Kogan v. Schulte

Decision Date20 June 1945
Citation61 F. Supp. 604
PartiesKOGAN v. SCHULTE et al.
CourtU.S. District Court — Southern District of New York

Nathan B. Kogan, of New York City, for plaintiff.

Ernst, Gale, Bernays, Falk & Eisner, of New York City (Edwin A. Falk and Edgar A. Samuel, both of New York City, of counsel), for defendant David A. Schulte.

Hirson & Bertini, of New York City (Max L. Rothenberg, of New York City, of counsel), for defendant Park & Tilford, Inc.

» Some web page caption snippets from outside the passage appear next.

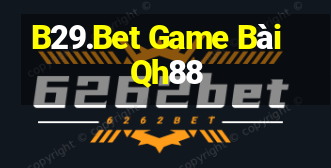 B29.Bet Game Bài Qh88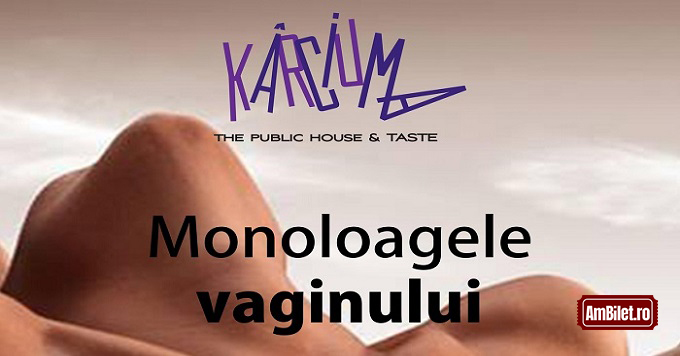 Monoloagele vaginului – dupa Eve Ensler @Cluj Napoca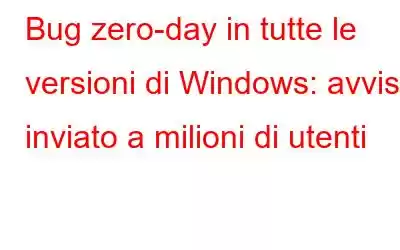 Bug zero-day in tutte le versioni di Windows: avviso inviato a milioni di utenti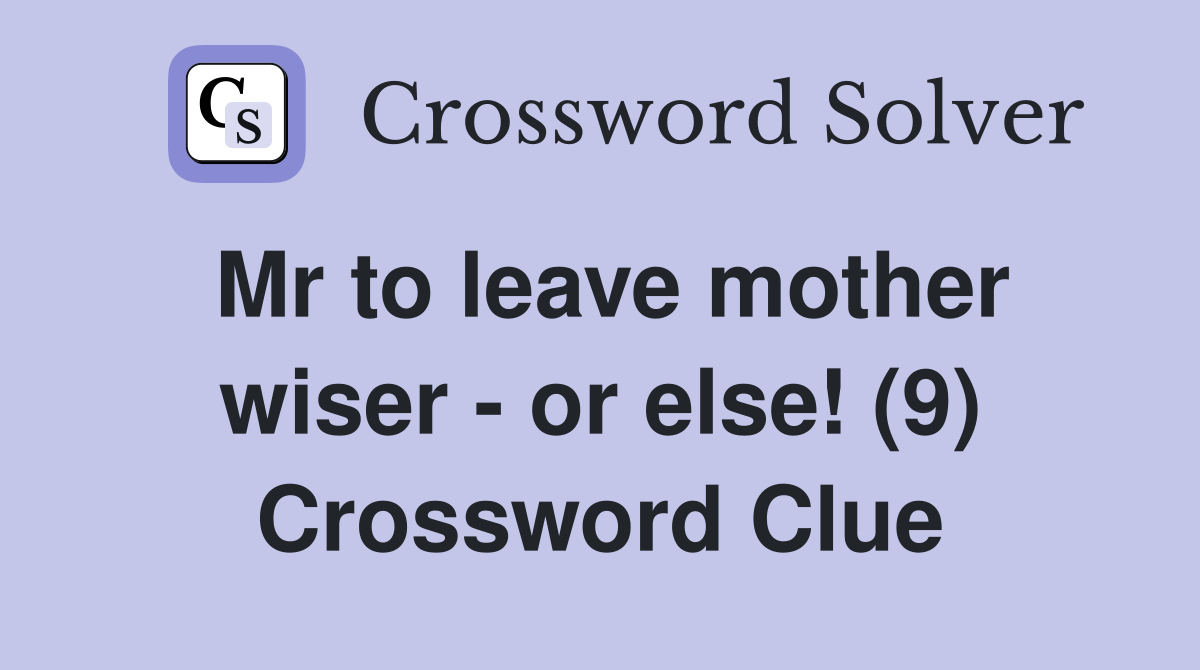 Mr to leave mother wiser - or else! (9) Crossword Clue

Roger S. Foster, Sol., Milton V. Freeman, Asst. Sol., and W. Victor Rodin, Atty., all of Philadelphia, Pa., for Securities

and Exchange Commission, amicus curiae.

Francis M. Shea, Asst. Atty. Gen., John F. X. McGohey, U. S. Atty., and John B. Creegan, Asst. U. S. Atty., for the United States.

LEIBELL, District Judge.

Plaintiff, Marjorie D. Kogan, purchased 50 shares of Park & Tilford, Inc., common stock on the New York Stock Exchange on March 10, 1944. She sold 25 shares on April 28, 1944. The remaining 25 shares she registered in her own name on the transfer records of the corporation on May 3, 1944. Since March 10, 1944, she has been an owner of Park & Tilford common stock, and since May 3, 1944, she has been a stockholder of record. The corporation, Park & Tilford, Inc., is a Delaware corporation and its common stock is listed on the New York Stock Exchange.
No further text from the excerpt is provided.